Kaggle竞赛:分类变量
在分类变量练习下,生成测试预测的最后一部分。我已经编写了以下代码,但是遇到了错误。我无法理解该错误,以及为什么它说X具有148个功能,而随机森林期望有155个功能。
我的代码:
ohencoder=OneHotEncoder(handle_unknown='ignore', sparse=False)
# X_test.dropna(axis=0, inplace=True)
h_cols_test = pd.DataFrame(ohencoder.fit_transform(X_test[low_cardinality_cols])) # Your code here
h_cols_test.index=X_test.index
num_X_test= X_test.drop(object_cols, axis=1)
OH_X_test=pd.concat([num_X_test, h_cols_test], axis=1)
#randomforest mode-----------------------------
model=RandomForestRegressor(n_estimators=100, random_state=0)

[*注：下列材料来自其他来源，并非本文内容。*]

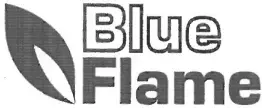 Blue-Flame-logo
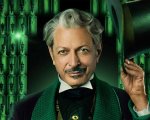 Wicked: For Good, Jeff Goldblum ora è vegetariano: “Dopo aver girato il film ho smesso di mangiare carne'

model.fit(OH_X_train, y_train)
preds_test= model.predict(OH_X_test)
#output---------------
output=pd.DataFrame({'Id': X_test.index,
'SalePrice': preds_test})
output.to_csv('submission.csv', index=False)
错误消息:
/opt/conda/lib/python3.7/site-packages/sklearn/utils/validation.py:1692: FutureWarning: Feature names only support names that are all strings. Got feature names with dtypes: ['int', 'str']. An error will be raised in 1.2.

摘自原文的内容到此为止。